# [What the exercise asks]
Out of the material that follows, write out exactly the lines from the line with "Quebra-cabeça Sunset Over Tokyo, Japão" to the line with "英文原版 Who Was", both ends included, and no others.

# [Data for this exercise]
━━━━━━━━━━━━━━━━━━━━━━━━━━━━━━
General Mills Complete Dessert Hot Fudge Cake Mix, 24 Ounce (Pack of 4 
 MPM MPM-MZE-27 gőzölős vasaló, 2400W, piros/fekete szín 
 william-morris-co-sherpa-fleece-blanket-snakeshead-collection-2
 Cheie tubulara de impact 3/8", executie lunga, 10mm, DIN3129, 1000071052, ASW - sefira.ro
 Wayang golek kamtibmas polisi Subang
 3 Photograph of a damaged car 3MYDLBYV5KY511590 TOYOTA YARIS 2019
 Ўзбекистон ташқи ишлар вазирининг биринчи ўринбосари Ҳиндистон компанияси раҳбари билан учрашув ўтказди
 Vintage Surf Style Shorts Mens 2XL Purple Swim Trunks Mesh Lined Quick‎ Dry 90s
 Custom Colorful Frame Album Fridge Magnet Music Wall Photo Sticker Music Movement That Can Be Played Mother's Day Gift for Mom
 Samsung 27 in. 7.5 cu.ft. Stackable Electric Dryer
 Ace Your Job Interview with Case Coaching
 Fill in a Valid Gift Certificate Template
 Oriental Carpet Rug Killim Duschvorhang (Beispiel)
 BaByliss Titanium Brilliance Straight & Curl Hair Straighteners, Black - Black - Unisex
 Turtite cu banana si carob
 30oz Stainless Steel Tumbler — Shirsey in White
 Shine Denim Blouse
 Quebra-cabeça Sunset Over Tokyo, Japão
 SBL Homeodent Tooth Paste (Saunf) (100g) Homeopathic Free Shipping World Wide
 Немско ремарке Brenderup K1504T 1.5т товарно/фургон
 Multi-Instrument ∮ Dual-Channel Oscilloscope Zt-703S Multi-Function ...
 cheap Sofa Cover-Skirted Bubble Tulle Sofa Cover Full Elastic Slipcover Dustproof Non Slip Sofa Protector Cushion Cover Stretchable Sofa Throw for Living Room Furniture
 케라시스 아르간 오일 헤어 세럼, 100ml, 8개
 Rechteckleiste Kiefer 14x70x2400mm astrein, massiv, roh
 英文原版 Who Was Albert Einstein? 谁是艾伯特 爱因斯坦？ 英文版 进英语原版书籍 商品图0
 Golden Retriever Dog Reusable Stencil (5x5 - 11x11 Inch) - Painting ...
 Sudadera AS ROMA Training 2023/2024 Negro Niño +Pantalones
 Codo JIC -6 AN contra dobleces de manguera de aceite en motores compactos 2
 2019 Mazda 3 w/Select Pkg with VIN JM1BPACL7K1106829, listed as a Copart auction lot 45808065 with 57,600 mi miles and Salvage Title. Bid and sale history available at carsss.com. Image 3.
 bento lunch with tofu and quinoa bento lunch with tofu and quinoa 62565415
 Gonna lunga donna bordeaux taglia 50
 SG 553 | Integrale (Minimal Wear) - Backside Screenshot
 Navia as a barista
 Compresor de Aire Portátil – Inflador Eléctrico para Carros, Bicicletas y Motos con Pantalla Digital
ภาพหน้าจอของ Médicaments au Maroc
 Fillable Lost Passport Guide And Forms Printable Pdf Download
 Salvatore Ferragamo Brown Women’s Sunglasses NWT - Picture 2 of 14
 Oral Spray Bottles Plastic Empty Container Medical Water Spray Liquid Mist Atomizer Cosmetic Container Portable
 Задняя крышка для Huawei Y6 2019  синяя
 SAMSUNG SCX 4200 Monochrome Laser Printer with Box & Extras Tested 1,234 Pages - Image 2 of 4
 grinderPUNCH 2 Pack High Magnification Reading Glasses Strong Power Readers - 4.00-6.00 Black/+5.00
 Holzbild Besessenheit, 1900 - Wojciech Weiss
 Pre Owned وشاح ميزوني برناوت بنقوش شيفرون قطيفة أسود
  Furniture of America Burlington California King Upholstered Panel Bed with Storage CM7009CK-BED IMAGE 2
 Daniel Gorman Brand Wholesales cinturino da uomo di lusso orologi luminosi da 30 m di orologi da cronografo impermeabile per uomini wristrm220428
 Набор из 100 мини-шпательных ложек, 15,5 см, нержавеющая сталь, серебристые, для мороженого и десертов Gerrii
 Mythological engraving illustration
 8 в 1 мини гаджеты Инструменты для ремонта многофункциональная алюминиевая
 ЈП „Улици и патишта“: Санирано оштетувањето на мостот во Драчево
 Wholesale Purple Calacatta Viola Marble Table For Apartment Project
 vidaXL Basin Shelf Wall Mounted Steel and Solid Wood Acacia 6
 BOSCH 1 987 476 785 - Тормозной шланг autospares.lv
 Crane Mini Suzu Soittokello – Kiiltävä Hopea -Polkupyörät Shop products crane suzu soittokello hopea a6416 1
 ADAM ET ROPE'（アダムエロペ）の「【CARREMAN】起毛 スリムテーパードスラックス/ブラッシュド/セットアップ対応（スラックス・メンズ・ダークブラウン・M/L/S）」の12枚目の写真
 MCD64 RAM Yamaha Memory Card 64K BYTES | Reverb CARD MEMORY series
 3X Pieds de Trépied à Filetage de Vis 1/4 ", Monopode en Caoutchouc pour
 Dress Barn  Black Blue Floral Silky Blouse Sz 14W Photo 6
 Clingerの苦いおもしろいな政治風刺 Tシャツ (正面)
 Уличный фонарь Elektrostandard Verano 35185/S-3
━━━━━━━━━━━━━━━━━━━━━━━━━━━━━━
# [Response area]
 Quebra-cabeça Sunset Over Tokyo, Japão
 SBL Homeodent Tooth Paste (Saunf) (100g) Homeopathic Free Shipping World Wide
 Немско ремарке Brenderup K1504T 1.5т товарно/фургон
 Multi-Instrument ∮ Dual-Channel Oscilloscope Zt-703S Multi-Function ...
 cheap Sofa Cover-Skirted Bubble Tulle Sofa Cover Full Elastic Slipcover Dustproof Non Slip Sofa Protector Cushion Cover Stretchable Sofa Throw for Living Room Furniture
 케라시스 아르간 오일 헤어 세럼, 100ml, 8개
 Rechteckleiste Kiefer 14x70x2400mm astrein, massiv, roh
 英文原版 Who Was Albert Einstein? 谁是艾伯特 爱因斯坦？ 英文版 进英语原版书籍 商品图0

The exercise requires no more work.